Unfortunately, humans have a capacity for judgement, and all too often we fall victim to negative self-talk and our ‘inner critic,’ which inevitably leads to low self-esteem. And we need self-esteem—quite literally—for our psychological survival.
You likely know people who exude confidence and seem completely comfortable in their own skin. Some of those people may even come across as overconfident (and quite possibly narcissistic). They seemingly love themselves all the time, no questions asked. I’m not saying this reality isn’t possible, but it’s certainly not the norm. And if you dig deeper, you’ll often find some level of insecurity in these people (or downright delusion). For most of us, self-esteem is something that we continually have to work at, and often it feels a bit too fragile.
Like anything else, though, you can work on improving your self-esteem.
As you’ll see from the tips below, being part of our community is a great start!
- Be physically active
Research continually shows that physical activity—from strength training to aerobic activity—can result in improved self-esteem. It comes down to this: Feeling and being healthy translates into feeling better about yourself. So does seeing yourself improve (there’s a reason we want you to keep track of your numbers—it allows you to measure tangible improvements).
- Identify your strengths
Everyone has strengths and weaknesses. The problem with the inner critic is that it focuses on where we fall short.

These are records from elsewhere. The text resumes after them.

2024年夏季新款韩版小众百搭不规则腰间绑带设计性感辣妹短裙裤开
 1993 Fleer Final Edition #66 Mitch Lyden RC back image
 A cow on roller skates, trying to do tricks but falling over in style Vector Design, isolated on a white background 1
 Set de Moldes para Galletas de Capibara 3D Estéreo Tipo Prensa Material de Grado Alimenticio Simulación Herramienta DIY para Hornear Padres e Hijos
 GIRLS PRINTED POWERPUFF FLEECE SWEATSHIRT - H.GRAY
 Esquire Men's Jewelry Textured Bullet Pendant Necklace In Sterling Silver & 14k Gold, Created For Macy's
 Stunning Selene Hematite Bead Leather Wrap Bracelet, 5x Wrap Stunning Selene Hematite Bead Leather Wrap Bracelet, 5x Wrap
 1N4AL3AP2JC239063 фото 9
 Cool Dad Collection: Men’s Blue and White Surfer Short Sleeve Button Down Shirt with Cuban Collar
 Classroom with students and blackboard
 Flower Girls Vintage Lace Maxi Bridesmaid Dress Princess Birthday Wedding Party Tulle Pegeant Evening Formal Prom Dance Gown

That’s why it’s important to make a point of identifying and appreciating your strengths and assets.
Here’s an exercise that might help you: Make a list of both your strengths and your weaknesses, and then notice the way you describe each. Your language will likely be harsh and judgmental when describing your weaknesses, while you may gloss over your strengths, not truly appreciating them. What you want to do is flip the script. Think about how your family and friends might describe your strengths. Likely, they’d be glowing in their descriptions (and maybe even jealous!). That’s how you need to think of them. Choose a few of your strengths and write them down and put them somewhere you can see. Sometimes a reminder goes a long way.
- Surround yourself with good people.
It shouldn’t be a surprise that being surrounded with negative people can bring you down.
On the other hand, being part of a community of genuinely supportive, health-conscious individuals rubs off on others in a good way.
- Focus on what you can control
There’s a lot in life that we can’t control, and the sooner we learn to accept that the better off (and healthier) we’ll be. You can’t even control all the thoughts that enter your mind (BUT you CAN control what you do with them).
Stressing about things beyond your control is normal, albeit stressful. And again, a great solution to stress is working out. Most people say they leave the gym less stressed and more capable of attacking what life throws their way.
- Identify and confront cognitive distortions
Cognitive distortions are inaccurate thoughts that can lead you to experience negative emotions and feel badly about yourself. Identifying and confronting them can be extremely helpful in improving your self-esteem. Why? Because they’re lies, and they need to be called out.
Forgetting to make a school lunch for your daughter is a mistake or an accident; it doesn’t make you a bad mother or father. But that’s how cognitive distortions work, and they need to be stamped out. The next time your inner critic makes a global statement, stop and analyze the thought. Hit back at your critic with the ample evidence that shows why your critic is a liar.
- Practice self-compassion
You probably lead a busy life. There’s lots to do – sometimes too much.
Unfortunately, the first thing we often forgo when we’re busy is self-care. This can not only impact your physical and mental health, but it can also contribute to low self-esteem.
Our clients have told us that the gym is their one-hour escape each day, where they do something positive for themselves—in other words, their self-care.